Retail used-car prices, at $19,400 a pop, have never been higher than they were in the second quarter, according to Edmunds.com.

But here’s the thing.

Average monthly payments on used vehicles are staying relatively low.

In the second quarter, the average monthly payment on a used car was $382, according to Edmunds’ latest Used Vehicle Market Report. That’s up just $2 from Q2 of last year.

Meanwhile, new-car payments were at $505 last quarter. That’s up $14 year-over-year.

To put that in perspective, monthly payments on used cars have climbed just $13 in the past four years and $18 in the past five, according to Edmunds.

New-car payments have jumped $44 since Q2 of 2011.

So, what’s keeping monthly payments on used cars so low, amid record high prices?

Math, really.

But, more specifically: Term lengths are climbing while average APRs, for the most part, are on the decline.

In Q2, the average term length was 67.0 months.
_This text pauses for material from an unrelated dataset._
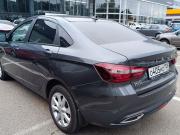 Lada (ВАЗ) Vesta I Рестайлинг (NG) Ставрополь  - изображение 13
It has been a steady upward march the past five years for average APR, which was around 62 months in Q2 of 2011.

The average APR, meanwhile, was 7.4 percent in the most recent quarter. Five years ago, it was around 8.3 percent.

“Average term lengths have surpassed the five and a half year mark, all in the effort to keep monthly payments for pricier used vehicles at more affordable levels,” Edmunds said in the report.